Arm made various enhancements to the front-end of the A720. The first one is the reduction in mispredict penalty. Here Arm says it has shaved a whole cycle – down from 12 on the Cortex-A715 which was said to provide significant real-world application benefits. The second improvement deals with predictions. Arm spent quite a bit of time improving the Cortex-A7xx series branch predictions over the past few generations. Starting with the Cortex-A710, the big core was capable of predicting two unconditional branches per cycle. Last generation, designers enhanced that to fully support support conditional branches as well. Here, in the Cortex-A720, Arm improved the 2-taken branch prediction further.

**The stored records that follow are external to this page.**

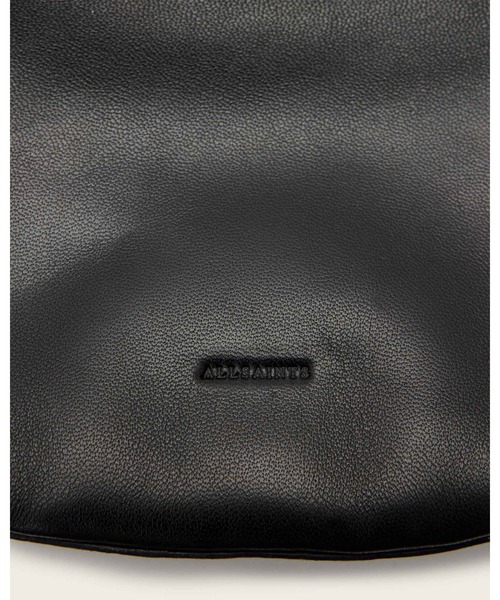 ALLSAINTS(オールセインツ)の「LUNA SLOUCHY LEATHER CROSSBODY BAG | LUNA スラウチー レザー クロスボディー バッグ(ショルダーバッグ・レディース・ブラック・ONE SIZE)」の2枚目の写真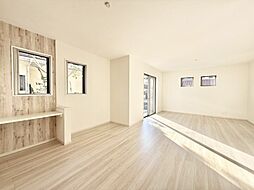 WIC、SIC等豊富な収納!土地面積57坪! ZEH水準 省エネ住宅対応■ 横浜市栄区桂台南2丁目■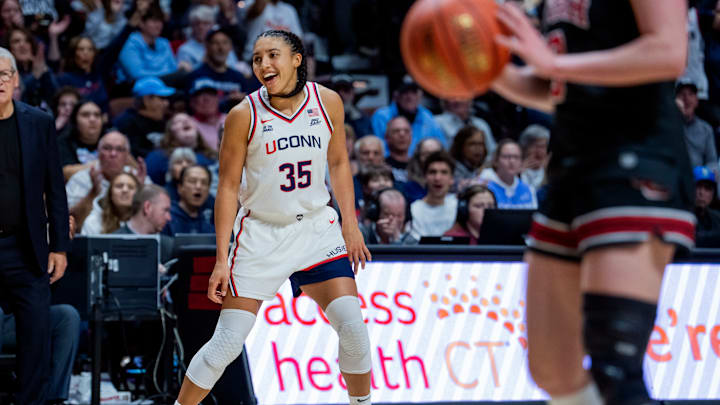 2025 Basketball Hall of Fame Women's Showcase: Connecticut v Utah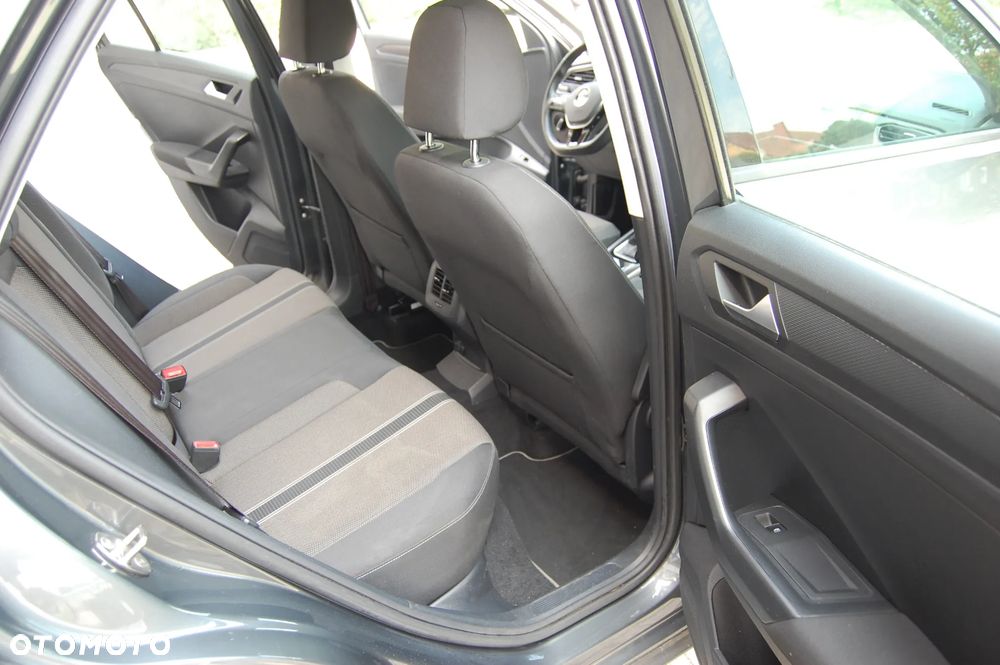 Volkswagen T-Roc - 27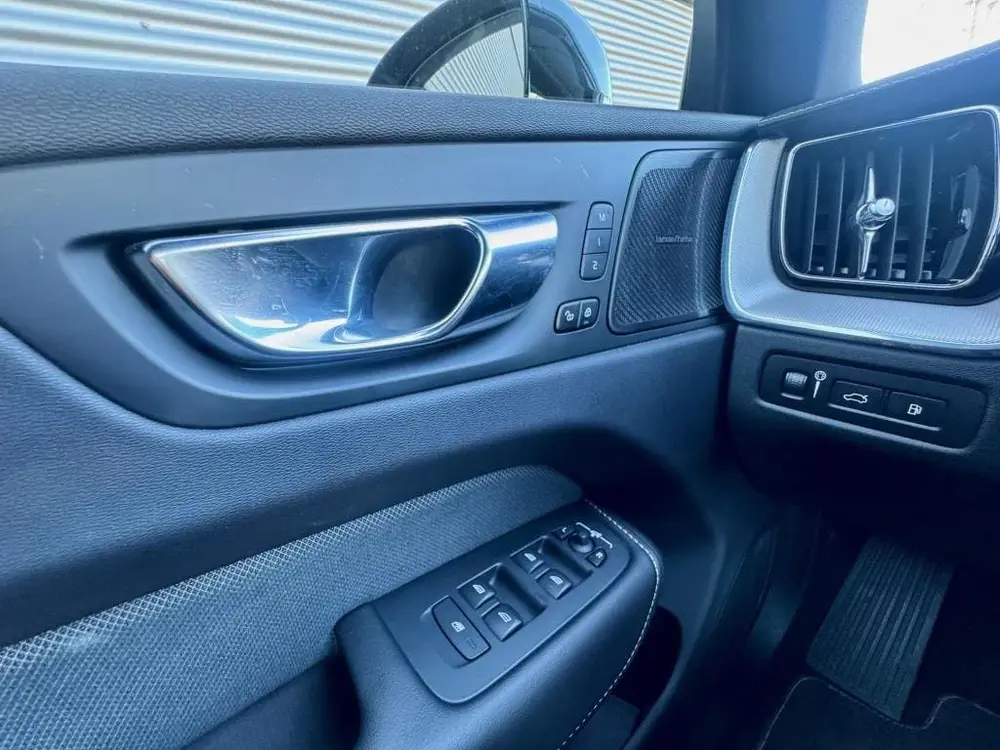 Volvo XC60 2.0 T8 AWD Polestar Engineered 405 PK uit 2021, foto 11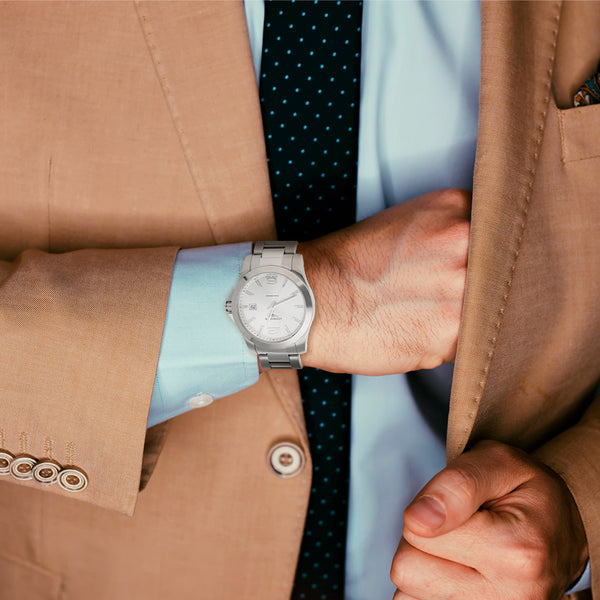 Reloj Longines para caballero modelo Conquest.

Arm says that structural optimizations were made in order to improve efficiency while also simultaneously substantially reducing the power without impacting performance.
On the back-end of the Cortex-A720, Arm says it piplined the FDIV/FSQRT unit. The end product is no meaningful area impact while providing substantial performance improvement. Data transfers between the FP/Vector unit to the integer units have also been optimized, reducing latency. Transfer speeds between the vector and the general-purpose register files were equally optimized. The Cortex-A720 also improved store data latencies with earlier availability.
On the memory size, the Cortex-A720 reduced the L2 cache hit latency to 9 cycles, down from 10 in the Cortex-A715. Prefetchers are a continuing improvement path for Arm. In the Cortex-A720, Arm said it has added a new L2 spatial-prefetch engine. Overall, Arm said it made generational accuracy/coverage improvements to existing prefetchers.
One interesting change that came with the new Cortex-A720 is a dual configuration. The Cortex-A720 comes in an area-optimize configuration as well as the full configuration. Under the area-optimized configuration, the Cortex-A720 offers no area cost compared to the Cortex-A78 while offering a ten percent improvement. Under the full configuration, the Cortex-A720 offers up to 20% improvement in energy efficiency over the Cortex-A715, albeit at higher area cost.